Fus Roh Grind: Dragon Fantasy

Dragon Fantasy

“Ein Kerl und sein Schwert”, “Böse Schleim-Monster 3” und “Rette die Prinzessin Reloaded: Schon wieder entführt” können nicht länger mithalten: der Preis für den generischsten RPG-Titel geht dieses Jahr zweifelsohne an Dragon Fantasy.

Weil ich bei hübscher Pixelgrafik schwach werde und Namen nichts zur Sache tun, habe ich, Dom Dragonslayer McLaserbeam, mir die neue Mac-Version des bisher für PC, iPhone und iPad erschienenen 8bit-Rollenspiels angesehen.

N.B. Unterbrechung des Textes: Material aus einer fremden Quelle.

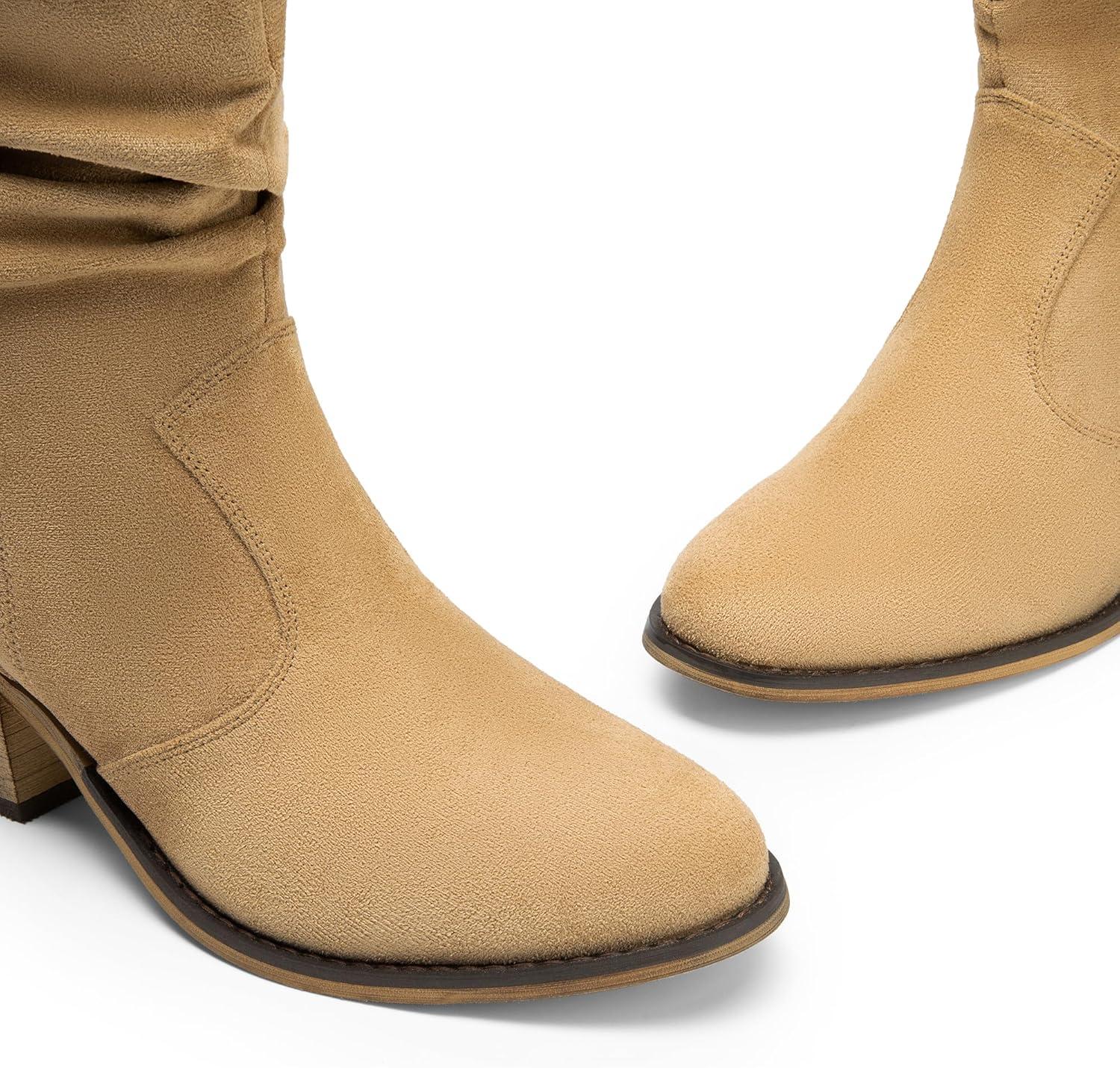 imageDREAM PAIRS Womens Modern Western Cowboy Boots Mid Calf Round toe Chunky Heel Cowgirl Country Ankle Boots with Pull On TabsKhakisuede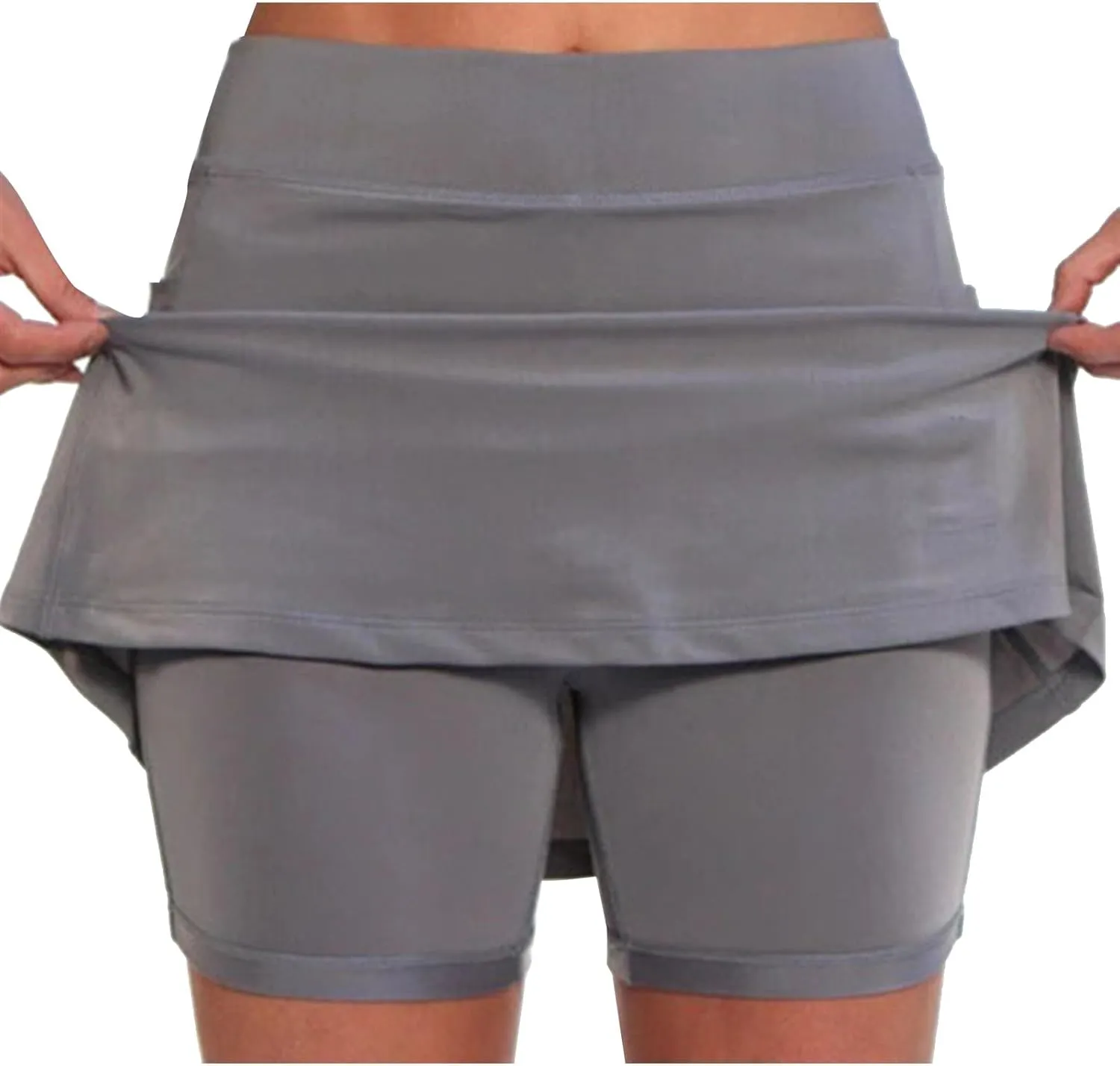 Women's Plus Size Tennis Skirts with Pockets Built-in Shorts High Waisted Golf Skirts for Casual Running Gym Workout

Die Erwartungshaltung gegenüber eines RPG-Helden hat sich im Laufe der Spiele-Evolution deutlich gefestigt. Spitze, hochgegelte Haare, große und funkelnde Augen, ein viel zu großes Schwert und eine ganze Kollektion überflüssiger Gürtel sind längst keine Seltenheit mehr. Odgen aus Dragon Fantasy ist keiner dieser austauschbaren, emotionalen Platzhalter, sondern ein herangereifter Protagonist mit Attitüde, Charakter – oh, und Rauschebart und Glatze.

Obligatory Ork

Als ein dunkler Ritter die Königin vergiftet, liegt es an Odgen, der gerade seinen Job als Schlosswache an den Nagel gehangen hat, das passende Heilmittel zu besorgen und das Böse zu vergelten. Ihre Hoheit wird geheilt und zur Vorbereitung auf den Endkampf lautet die folgende Aufgabe, alle Teile der legendären Hero’s Armor zu finden. Weil Dragon Fantasy zu großen Teilen ein RPG ist, das an seine Vorgänger der frühen 90er erinnert (und in Sachen Bild und Ton schon damals in den Läden gestehen haben könnte), wird unterwegs ordentlich gegrindet, um Gegnern mit stellenweise überdimensional aufgeblasenen Lebenspunkten Einhalt gebieten zu können.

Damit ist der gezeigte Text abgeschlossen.